And so here’s where I—I don’t want to jump off to another topic, but I have merely—I’ve talked in my career why I wrote this book, and here’s, you know, here’s my book, The Disruptive Lawyer’s Little Black Book of Litigation Management. I got a negotiation book too, but there you go. Why wrote this book—and it’s free so I’m not like trying to, you know, make money here…

[21:46] Bill Kanasky You plug it baby, you plug it.
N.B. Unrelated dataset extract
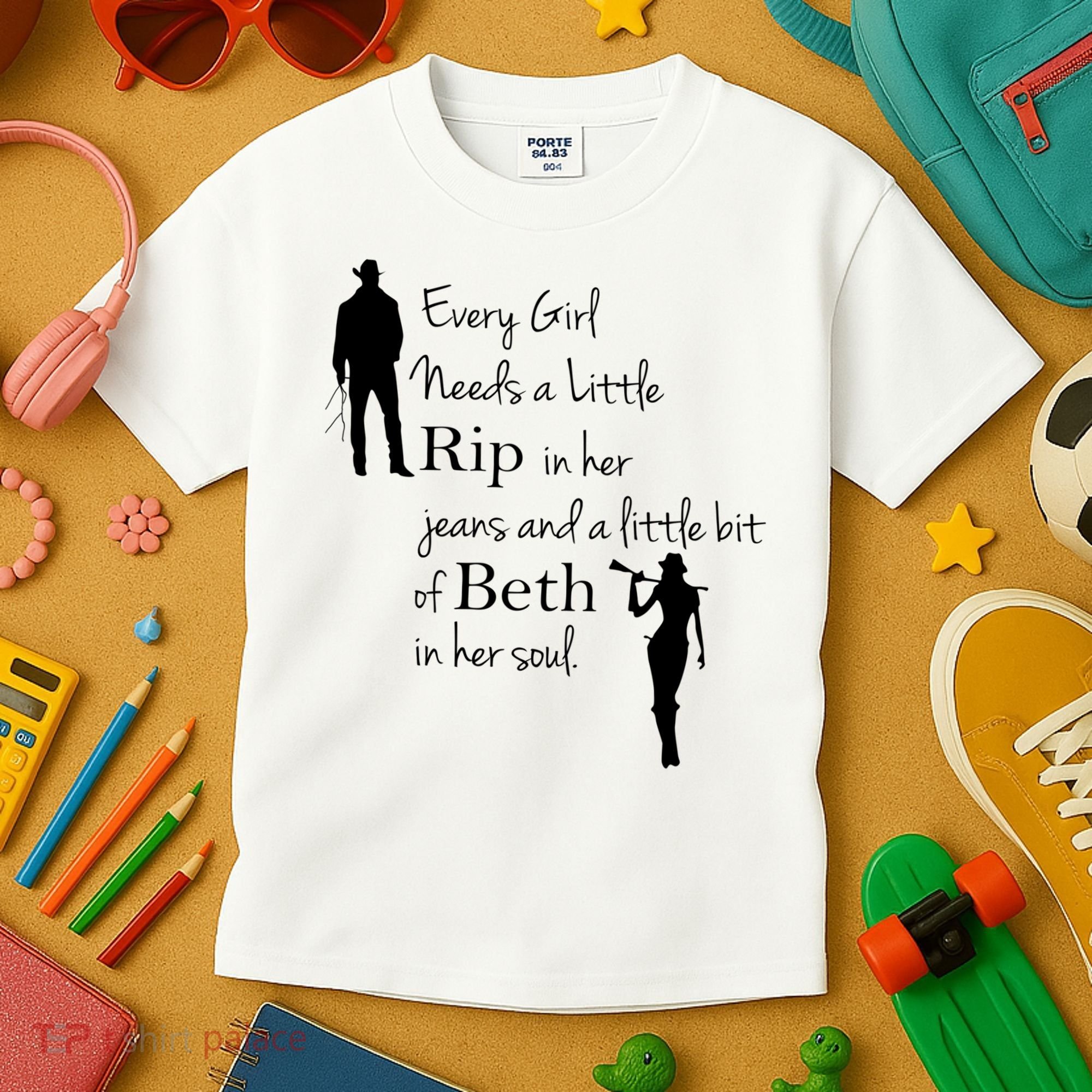 Every Girl Needs A Little Rip In Her Jeans And Beth In Her Soul Kids T-Shirt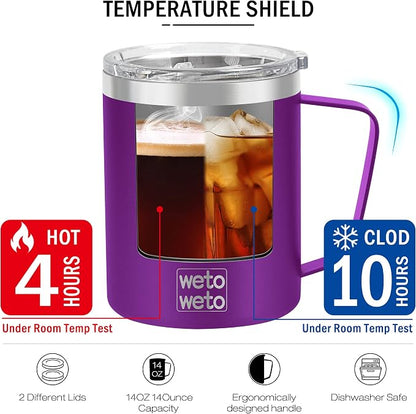 WETOWETO 14 oz Coffee Mug, Vacuum Insulated Camping Mug - Image 4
[21:46] Bill Mitchell My book is this: I for the first 20 years of my career I would talk to claims people and their number one issue was—because I hate lawyers that say they’re going to win at trial, they bill 100 grand and literally the week before trial suddenly say, “We need $500,000 more to settle the case.” And, and I asked, “Well, what happened?” And of course they come up with some BS reason, “Oh well they got an expert.” Well, no, they were gonna get an expert, you know. So, so the—so based on that, that was number one. Number two, when I do these seminars everywhere on litigation management and I ask the same question to everybody—I was just at CLM and spoke to maybe 300 people and I asked everybody in the room—I got my calculator out—”Okay, there’s 300 people in the room. You’re all handling about 150 claims in, in over two years. That’s 300 claims. So, 300 times 300 is what, 90,000? Raise your hand if you tried to case in the last two years.” Literally six people raise their hand.

[22:48] Bill Kanasky Wow.

[22:54] Bill Mitchell And then two will raise their hand say, “I tried two.” It literally is in most get, get rid of the, the the um, the um, low-limit auto cases—State Farm, Allstate, Geico—$50,000-type cases. 95% of all cases settle, and less than 1% go to trial. So, my question to you is: if you know 95% of all your cases are going to settle, when are you going to settle them? After you pay me five grand? 15? 40? 100? Strategically, there might reasons to pay me 100. But if you know it’s going to settle 95% of the time, why aren’t you hiring dealmakers that can find ways to resolve cases more economically and efficiently? And what I realized when I studied it: no one’s training lawyers how to negotiate and claims people how to negotiate. So I created this book.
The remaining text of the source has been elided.